Peter Gutmann wrote:

That's a good start, but it gets a bit more complicated than that in practice
because you've got multiple components, and a basic red light/green light
system doesn't really provide enough feedback on what's going on.  What you'd
need in practice is (at least) some sort of counter to indicate how many
shares are still outstanding to recreate the secret ("We still need two more
shares, I guess we'll have to call Bob in from Bratislava after all").  Also
the UI for recreating shares if one gets lost gets tricky, depending on how
much metadata you can assume if a share is lost (e.g. "We've lost share 5 of
7" vs. "We've lost one of the seven shares"), and suddenly you get a bit
beyond what the UI of an HSM is capable of dealing with.


There is more than the UI at stake here, i.e. the basic functionality of the scheme. Say you distribute shares in a 4 out of 7 scheme (ABCDEF) and share A is published on the web. How do you recover from the remaining 3 out of 6 scheme into a 4 out of 6 scheme without having a key ceremony? In an ad-hoc multi-party scheme, you request 4 of the remaining compliant parties to destroy key material allowing them to participate in a group with the traitor A, but no other key material. No system UI, but admittedly a coordination nightmare!


--
- Thierry Moreau


With a two-share XOR it's much simpler, two red LEDs that turn green when the
share is added, and you're done.  One share is denoted 'A' and the other is
denoted 'B', that should be enough for the shareholder to remember.

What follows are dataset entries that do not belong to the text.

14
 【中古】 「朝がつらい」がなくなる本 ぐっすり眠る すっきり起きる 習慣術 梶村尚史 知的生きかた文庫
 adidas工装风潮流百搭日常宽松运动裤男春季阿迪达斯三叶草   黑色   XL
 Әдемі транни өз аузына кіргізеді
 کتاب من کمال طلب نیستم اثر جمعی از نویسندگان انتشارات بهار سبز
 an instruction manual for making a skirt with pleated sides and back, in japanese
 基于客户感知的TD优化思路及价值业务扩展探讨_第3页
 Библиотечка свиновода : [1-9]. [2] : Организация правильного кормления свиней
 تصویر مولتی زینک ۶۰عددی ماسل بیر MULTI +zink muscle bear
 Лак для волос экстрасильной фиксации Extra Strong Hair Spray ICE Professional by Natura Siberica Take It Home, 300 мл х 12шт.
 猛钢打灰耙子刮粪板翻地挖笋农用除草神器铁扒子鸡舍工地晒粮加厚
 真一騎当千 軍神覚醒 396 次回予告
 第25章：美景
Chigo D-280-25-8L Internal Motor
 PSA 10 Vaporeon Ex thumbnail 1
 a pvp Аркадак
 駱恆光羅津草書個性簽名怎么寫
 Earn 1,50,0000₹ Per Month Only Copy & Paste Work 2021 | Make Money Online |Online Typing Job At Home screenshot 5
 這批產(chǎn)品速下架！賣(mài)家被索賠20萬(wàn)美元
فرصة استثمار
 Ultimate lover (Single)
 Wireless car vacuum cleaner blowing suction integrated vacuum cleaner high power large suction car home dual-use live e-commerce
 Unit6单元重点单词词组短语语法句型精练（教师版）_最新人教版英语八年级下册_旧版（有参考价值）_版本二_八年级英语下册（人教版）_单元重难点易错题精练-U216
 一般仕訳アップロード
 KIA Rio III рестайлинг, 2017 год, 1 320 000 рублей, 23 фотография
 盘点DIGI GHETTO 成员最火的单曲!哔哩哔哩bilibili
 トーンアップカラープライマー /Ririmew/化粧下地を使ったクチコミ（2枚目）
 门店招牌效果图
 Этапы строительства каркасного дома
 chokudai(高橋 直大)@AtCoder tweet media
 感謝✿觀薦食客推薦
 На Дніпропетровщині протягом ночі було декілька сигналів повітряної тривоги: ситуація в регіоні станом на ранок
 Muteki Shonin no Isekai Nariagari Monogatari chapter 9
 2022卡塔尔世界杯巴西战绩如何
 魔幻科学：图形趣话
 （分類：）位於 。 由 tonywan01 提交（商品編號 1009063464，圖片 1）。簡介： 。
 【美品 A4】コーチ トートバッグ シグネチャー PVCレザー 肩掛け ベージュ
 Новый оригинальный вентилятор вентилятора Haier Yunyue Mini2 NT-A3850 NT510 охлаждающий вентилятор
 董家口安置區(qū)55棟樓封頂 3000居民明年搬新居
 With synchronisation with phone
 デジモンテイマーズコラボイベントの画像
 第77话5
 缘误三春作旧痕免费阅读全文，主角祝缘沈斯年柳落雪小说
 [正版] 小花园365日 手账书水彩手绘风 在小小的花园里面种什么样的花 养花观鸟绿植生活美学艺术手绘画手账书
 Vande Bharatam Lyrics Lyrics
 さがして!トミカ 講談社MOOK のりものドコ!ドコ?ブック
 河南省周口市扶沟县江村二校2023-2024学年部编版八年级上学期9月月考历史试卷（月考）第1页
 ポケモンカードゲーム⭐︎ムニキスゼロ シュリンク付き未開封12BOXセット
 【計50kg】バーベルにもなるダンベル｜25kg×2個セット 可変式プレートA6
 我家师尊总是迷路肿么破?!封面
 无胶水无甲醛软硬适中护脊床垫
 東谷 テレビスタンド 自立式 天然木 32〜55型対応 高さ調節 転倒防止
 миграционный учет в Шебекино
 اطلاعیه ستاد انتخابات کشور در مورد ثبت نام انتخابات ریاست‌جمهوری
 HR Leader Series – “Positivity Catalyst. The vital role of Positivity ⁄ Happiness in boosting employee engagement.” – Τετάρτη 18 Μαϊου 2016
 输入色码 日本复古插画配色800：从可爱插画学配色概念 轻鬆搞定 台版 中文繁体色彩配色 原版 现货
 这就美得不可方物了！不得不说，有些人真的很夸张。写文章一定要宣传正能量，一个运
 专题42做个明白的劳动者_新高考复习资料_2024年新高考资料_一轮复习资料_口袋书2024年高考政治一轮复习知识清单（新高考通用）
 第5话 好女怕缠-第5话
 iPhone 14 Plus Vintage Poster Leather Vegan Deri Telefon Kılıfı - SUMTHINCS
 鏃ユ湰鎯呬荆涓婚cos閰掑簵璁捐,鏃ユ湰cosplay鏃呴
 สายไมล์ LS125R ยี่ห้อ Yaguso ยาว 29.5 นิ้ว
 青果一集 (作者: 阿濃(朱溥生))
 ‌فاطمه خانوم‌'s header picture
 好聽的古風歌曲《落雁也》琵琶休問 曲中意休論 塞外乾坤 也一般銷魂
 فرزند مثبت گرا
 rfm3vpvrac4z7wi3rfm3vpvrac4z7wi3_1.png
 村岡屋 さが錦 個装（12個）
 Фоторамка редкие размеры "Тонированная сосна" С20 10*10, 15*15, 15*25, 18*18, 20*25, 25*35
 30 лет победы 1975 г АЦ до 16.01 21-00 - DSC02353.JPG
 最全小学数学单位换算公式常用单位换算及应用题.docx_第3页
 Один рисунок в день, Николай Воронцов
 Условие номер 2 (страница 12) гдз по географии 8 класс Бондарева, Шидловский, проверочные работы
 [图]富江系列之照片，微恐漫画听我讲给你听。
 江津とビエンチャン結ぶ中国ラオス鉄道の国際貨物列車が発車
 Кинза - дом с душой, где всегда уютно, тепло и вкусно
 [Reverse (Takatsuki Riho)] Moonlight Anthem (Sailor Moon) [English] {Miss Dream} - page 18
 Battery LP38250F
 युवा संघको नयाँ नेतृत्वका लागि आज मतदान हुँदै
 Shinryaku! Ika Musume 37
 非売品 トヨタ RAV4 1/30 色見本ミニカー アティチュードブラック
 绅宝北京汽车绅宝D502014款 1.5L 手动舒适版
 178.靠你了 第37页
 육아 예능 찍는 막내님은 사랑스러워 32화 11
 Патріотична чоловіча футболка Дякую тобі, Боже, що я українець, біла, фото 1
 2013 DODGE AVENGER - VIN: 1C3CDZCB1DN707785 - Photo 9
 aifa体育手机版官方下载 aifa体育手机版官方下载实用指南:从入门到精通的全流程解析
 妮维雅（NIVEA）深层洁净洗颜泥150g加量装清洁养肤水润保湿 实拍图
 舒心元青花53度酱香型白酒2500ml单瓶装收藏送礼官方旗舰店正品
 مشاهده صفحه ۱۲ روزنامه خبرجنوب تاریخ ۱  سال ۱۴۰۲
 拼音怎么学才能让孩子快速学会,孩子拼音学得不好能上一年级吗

If you really wanted to be rigorous about this you could apply the same sort
of analysis that was used for weak/stronglinks and unique signal generators to
see where your possible failure points lie.  I'm not sure if anyone's ever
done this [0], or whether it's just "build in enough redundancy that we should
be OK".

Peter.

[0] OK, I can imagine scenarios where it's quite probably been done, but
    anyone involved in the work is unlikely to be allowed to talk about it.